Yes, there can be a deadlock. Consider the scenario where thread 1 starts by locking semaphore s1 then gets switched out while thread 2 runs. Thread 2 may start running with variable a set to 0 (remember, because the variables are automatic, each thread has its own independent set). Thread 2 will acquire semaphore s2, then proceeds to acquire s3. Then, if (b<0 && a <=0), it will try to acquire s1. This forces thread 2 to wait for thread 1 which holds this semaphore. Now, thread 1 may proceed but will block when it tries to acquire semaphore s3. This forms a cyclical wait, and a deadlock occurs.

Problem 3

An angry mob goes after the five dining philosophers, who escape into a dark alley in an unfrequented part of the town. They found an old soup kitchen, 5 bowls, and a coin. They decide to adapt to a new lifestyle. A philosopher now goes through the sequence:

while(1)
{
    flip the coin
       if(head) Table.Work()
       else Table.Eat()
   Think()
}

where Table is a shared object that encapsulates the system's shared state. As a result of the function Table::Work(), the philosopher makes enough soup to fill a bowl. Similarly, the result of the function Table::Eat() is that a philosopher picks a bowl and consumes all the soup in it. Note that there is no correspondence between bowls and philosophers, i.e., a philosopher will eat from any available bowl that contains soup, and will fill any available empty bowl.

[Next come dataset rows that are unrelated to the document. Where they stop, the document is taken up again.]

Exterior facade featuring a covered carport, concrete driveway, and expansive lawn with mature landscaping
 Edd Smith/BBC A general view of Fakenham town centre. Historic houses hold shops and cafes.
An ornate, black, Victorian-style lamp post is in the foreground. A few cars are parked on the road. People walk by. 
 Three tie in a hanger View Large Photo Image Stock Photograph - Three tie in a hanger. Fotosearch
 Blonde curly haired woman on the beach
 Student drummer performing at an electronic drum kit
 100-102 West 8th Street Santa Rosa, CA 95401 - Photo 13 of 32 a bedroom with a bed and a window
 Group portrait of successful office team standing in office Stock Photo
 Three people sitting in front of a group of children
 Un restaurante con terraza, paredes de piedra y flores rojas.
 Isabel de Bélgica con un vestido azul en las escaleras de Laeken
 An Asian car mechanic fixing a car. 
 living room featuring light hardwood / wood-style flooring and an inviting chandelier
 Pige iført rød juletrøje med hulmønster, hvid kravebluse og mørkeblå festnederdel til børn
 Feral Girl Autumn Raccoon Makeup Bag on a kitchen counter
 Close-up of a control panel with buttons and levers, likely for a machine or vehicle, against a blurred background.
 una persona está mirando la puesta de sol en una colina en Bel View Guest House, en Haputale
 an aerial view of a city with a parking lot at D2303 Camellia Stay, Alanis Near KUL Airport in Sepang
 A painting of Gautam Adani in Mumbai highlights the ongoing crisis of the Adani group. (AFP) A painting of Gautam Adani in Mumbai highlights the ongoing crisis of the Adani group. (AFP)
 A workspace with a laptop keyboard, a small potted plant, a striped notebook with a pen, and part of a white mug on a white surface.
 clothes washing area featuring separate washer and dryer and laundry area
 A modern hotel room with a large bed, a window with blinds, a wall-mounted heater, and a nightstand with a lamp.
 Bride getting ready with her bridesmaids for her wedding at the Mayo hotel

Using locks and condition variables, create a Table object to organize the philosophers' working and eating. Specifically, write the Table constructor and the methods Table::Work(), Table::Eat.
Solution:
Table constructor
lock = new Lock();
bowlEmpty = new Condition();
bowlfull = new Condition();
int full = 0;
Table::Work()
lock.acquire();
while(full == 5) {
bowlEmpty.wait(&lock);
}
full++;
bowlFull.signal();
lock.release();
Table::Eat()
lock.acquire();
while (full == 0) {
bowlFull.wait(&lock);
}
full--;
bowlEmpty.signal();
lock.release();
If the coin guarantees that no more than four heads or four tails can appear in a row, is it possible to have starvation in the system? Explain your answer.
Solution:
Yes. Suppose the bowls start empty and four tails come up in a row. Then four threads are waiting in Eat(). The next flip must be heads, and a thread will Work. Then, three threads must be waiting in Eat(), and 2 threads in the main loop. Now suppose two more tails come up in a row. Then all five threads are waiting in Eat(), and no thread remains to Work(). Silly philosophers.

Problem 4

True/False Starvation implies deadlock.

Solution:
False.

Problem 5

In the context of deadlock prevention, how does a safe state differ from an unsafe state?

Solution:
In a safe state there exists a safe sequence -- an ordered sequence of resource grants that would allow each process that currently holds any resources to acquire that process's maximum resource allocation. In an unsafe state, no such sequence exists. Thus, an OS can always prevent deadlock when a system is in a safe state by only granting resources that keep the system in a safe state. Conversely, if the system is in an unsafe state, there exists at least one sequence of requests that will deadlock the system regardless of what the OS does.

Problem 6

Define the term priority inversion.

Solution:
Priority inversion is a program bug in which a high priority thread waits for a lock that is held by a low priority thread and the low priority thread is unable to release the lock because a medium priority thread is using the CPU (or other required resources). In effect, the high priority thread is waiting for the medium priority thread.